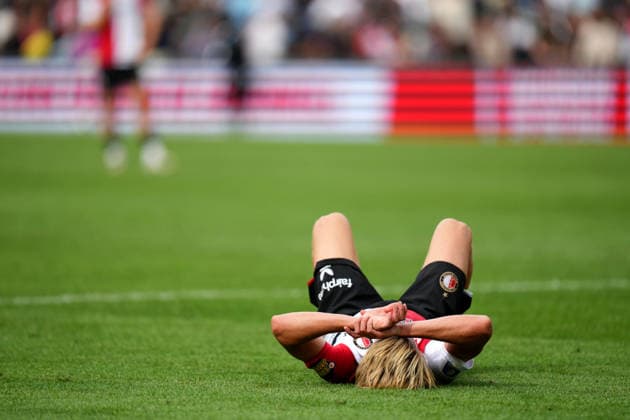 Eredivisie: Feyenoord Rotterdam v ADO Den Haag Rotterdam - Sem Steijn of Feyenoord Rotterdam looks dejected during the fourth competition round of the 2026 2027 Eredivisie season. The match is set between Feyenoord Rotterdam and ADO Den Haag at De Kuip on 30 August 2026 in Rotterdam, The Netherlands. (Hero Images Yannick Verhoeven) Copyright: xYannickxVerhoevenx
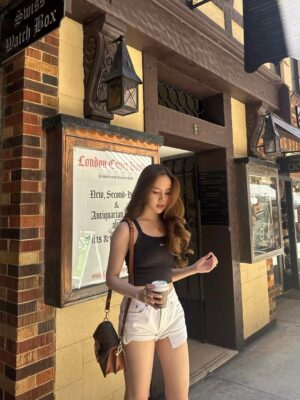 Agatha Chelsea Instagram - who drinks hot coffee under a blazing summer sun? me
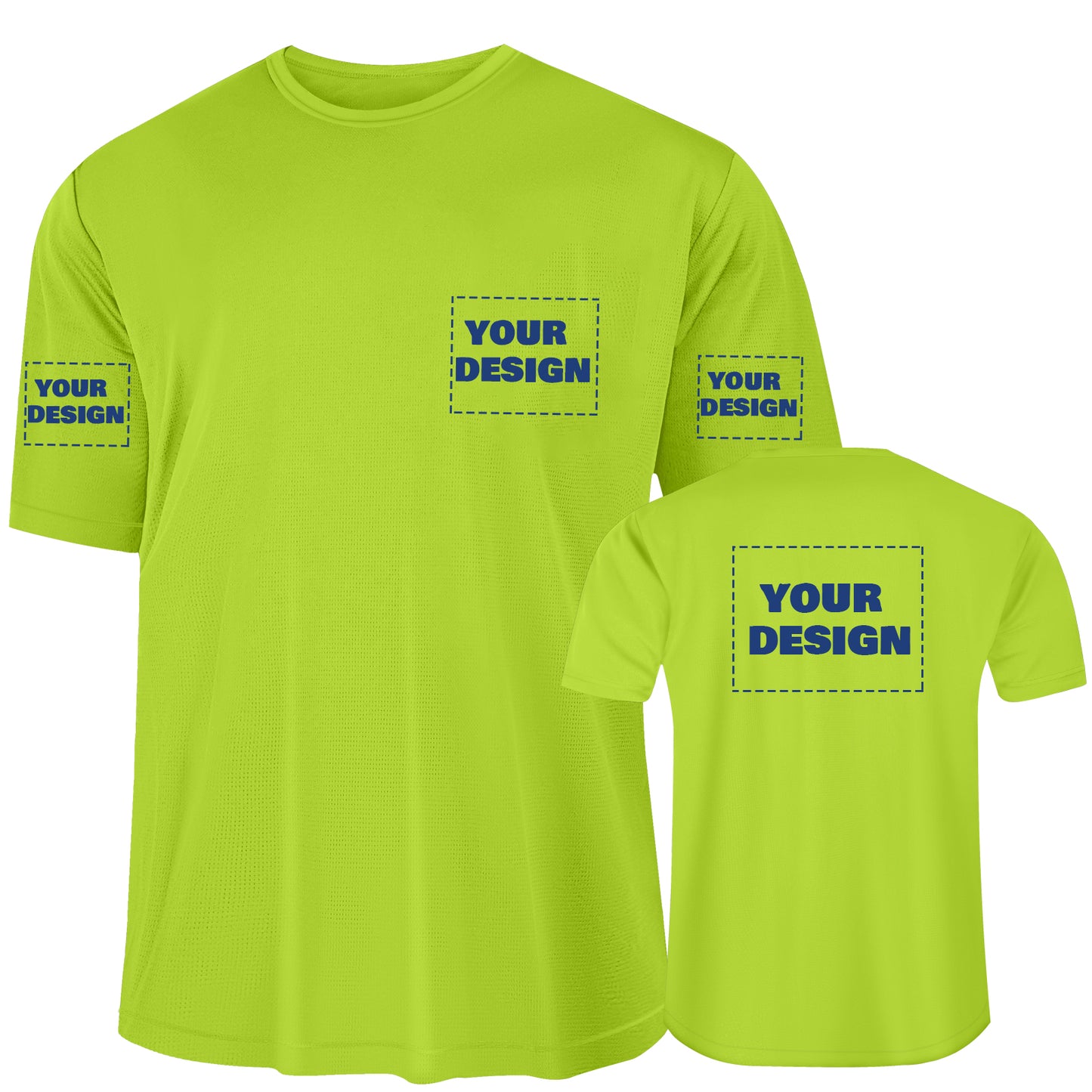 Shmimy Custom Men’s Dry Fit Workout Shirts Moisture Wicking Short Sleeve Athletic Work T-Shirts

_ _ _

- _Directions for this task_:
Transcribe all the lines above exactly; any image among them is skipped.

- _Response area_:
 Eredivisie: Feyenoord Rotterdam v ADO Den Haag Rotterdam - Sem Steijn of Feyenoord Rotterdam looks dejected during the fourth competition round of the 2026 2027 Eredivisie season. The match is set between Feyenoord Rotterdam and ADO Den Haag at De Kuip on 30 August 2026 in Rotterdam, The Netherlands. (Hero Images Yannick Verhoeven) Copyright: xYannickxVerhoevenx
 Agatha Chelsea Instagram - who drinks hot coffee under a blazing summer sun? me
 Shmimy Custom Men’s Dry Fit Workout Shirts Moisture Wicking Short Sleeve Athletic Work T-Shirts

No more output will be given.